The practice of mapping to arbitrary SELECT statements, especially complex ones as above, is almost never needed; it necessarily tends to produce complex queries which are often less efficient than that which would be produced by direct query construction. The practice is to some degree based on the very early history of SQLAlchemy where the mapper() construct was meant to represent the primary querying interface; in modern usage, the Query object can be used to construct virtually any SELECT statement, including complex composites, and should be favored over the “map-to-selectable” approach.

Multiple Mappers for One Class

In modern SQLAlchemy, a particular class is mapped by only one so-called primary mapper at a time. This mapper is involved in three main areas of functionality: querying, persistence, and instrumentation of the mapped class.
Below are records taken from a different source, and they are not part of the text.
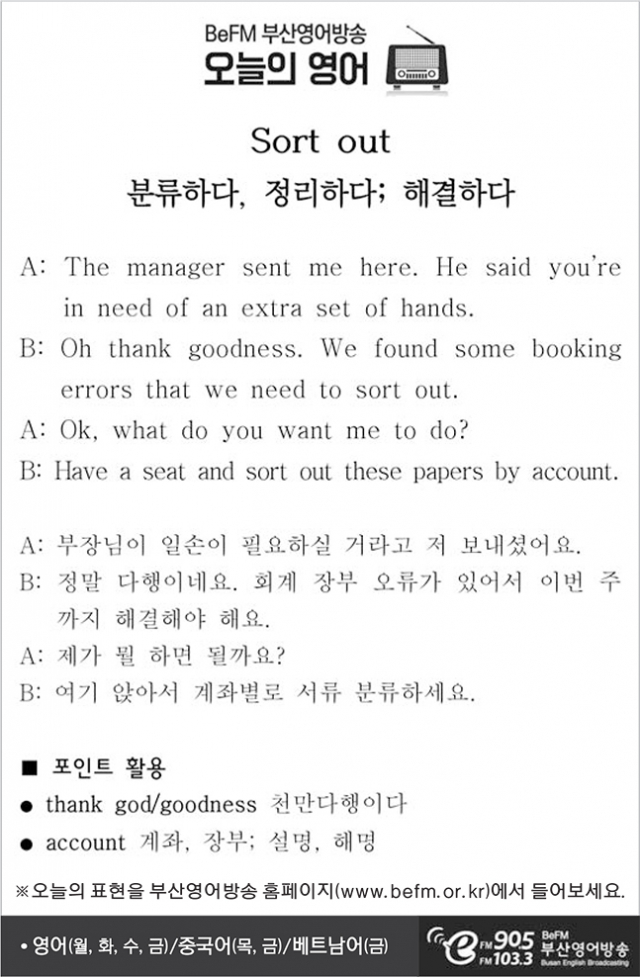 영어] 분류하다, 정리하다; 해결하다 - 부산일보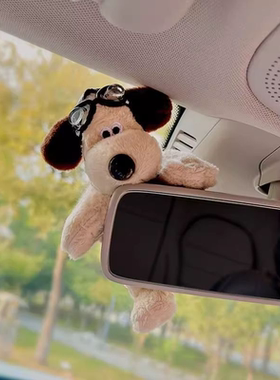 可爱掌门狗汽车装饰中控屏幕反光后视镜摆件车载公仔车内饰品摆件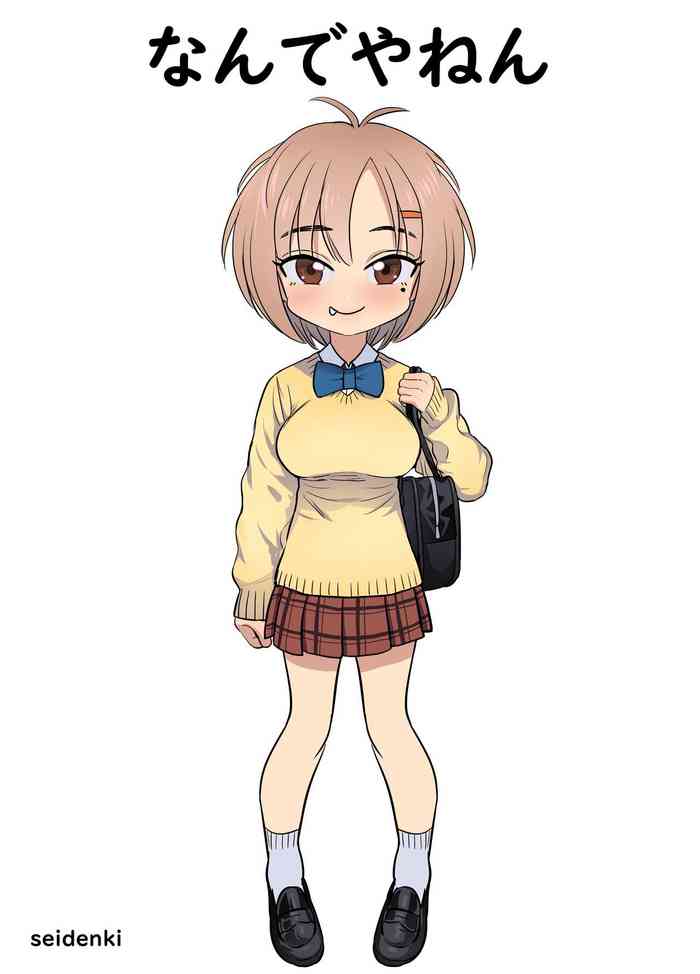 [seidenki] なんでやねん [英訳]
The rationale of the primary mapper relates to the fact that the mapper() modifies the class itself, not only persisting it towards a particular Table, but also instrumenting attributes upon the class which are structured specifically according to the table metadata. It’s not possible for more than one mapper to be associated with a class in equal measure, since only one mapper can actually instrument the class.

However, there is a class of mapper known as the non primary mapper with allows additional mappers to be associated with a class, but with a limited scope of use. This scope typically applies to being able to load rows from an alternate table or selectable unit, but still producing classes which are ultimately persisted using the primary mapping. The non-primary mapper is created using the classical style of mapping against a class that is already mapped with a primary mapper, and involves the use of the non_primary flag.

The non primary mapper is of very limited use in modern SQLAlchemy, as the task of being able to load classes from subqueries or other compound statements can be now accomplished using the Query object directly.

There is really only one use case for the non-primary mapper, which is that we wish to build a relationship() to such a mapper; this is useful in the rare and advanced case that our relationship is attempting to join two classes together using many tables and/or joins in between. An example of this pattern is at Relationship to Non Primary Mapper.

As far as the use case of a class that can actually be fully persisted to different tables under different scenarios, very early versions of SQLAlchemy offered a feature for this adapted from Hibernate, known as the “entity name” feature. However, this use case became infeasable within SQLAlchemy once the mapped class itself became the source of SQL expression construction; that is, the class’ attributes themselves link directly to mapped table columns. The feature was removed and replaced with a simple recipe-oriented approach to accomplishing this task without any ambiguity of instrumentation - to create new subclasses, each mapped individually. This pattern is now available as a recipe at Entity Name.